意外な決着
関羽と呂布はグラウンドの上に沈んでいた。両者とも武器を手放して、ピクリとも動かなかった。この試合は引き分けだと、審判が銅鑼を叩こうとしたその時だった。関羽の足が僅かに動いている。そして反対側では呂布の腕も動いている。まだ両者の闘いは終わってはいなかった。
「これは、先に立ち上がった方が勝利ってことね」
黄忠は言いながら、ふと、観客席の上段を見た。そこにはもう、他校の生徒達はいなかったが、代わりに、退部したはずの張飛が心配そうに関羽を見守っていた。
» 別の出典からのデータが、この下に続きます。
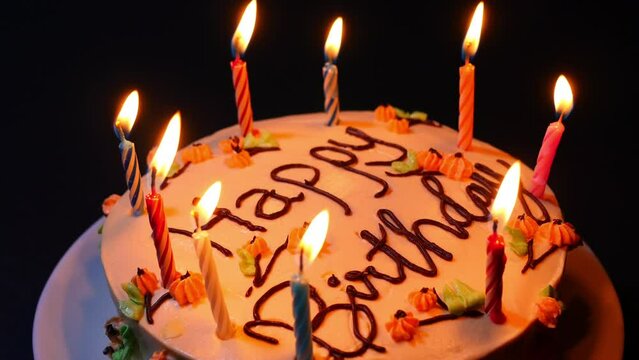 people blow birthday cake candle flame in anniversary party happy celebrate event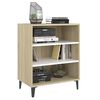 vidaXL Sideboard White and Sonoma Oak Engineered Wood and Metal Standard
学校指定のユニフォームを着ないで、私服のまま、じっと関羽の立ち上がるのを待っていたのだ。
「張飛・・・・」
黄忠が張飛の元に向かおうとしたその時。張飛が大声で叫んだ。
「関羽・・・・、いやお姉ちゃん勝てえええええええええ」
張飛の声が関羽に届いたかどうかは別として、その声が会場中に響き渡った瞬間、関羽の体がゆっくりと起き上がった。そして偃月刀も持たずに、フラフラと中腰のまま立ち上がると、砂だらけの顔で空を見上げた。
「はあ・・・・はあ・・・・」
関羽は倒れている呂布を見た。そして次に、審判の方を力強く向いた。それが合図となったのか、審判は慌てて銅鑼を叩いた。
「こ、この勝負。関羽選手の勝利」
同時に、成都高校の生徒達が一切に歓声を上げた。黄忠や趙雲はフェンスを飛び越えると、最早立っているのが精一杯といった状態の、関羽を左右から抱えて外に連れ出した。そして思う存分泣いて、そして喜んだ。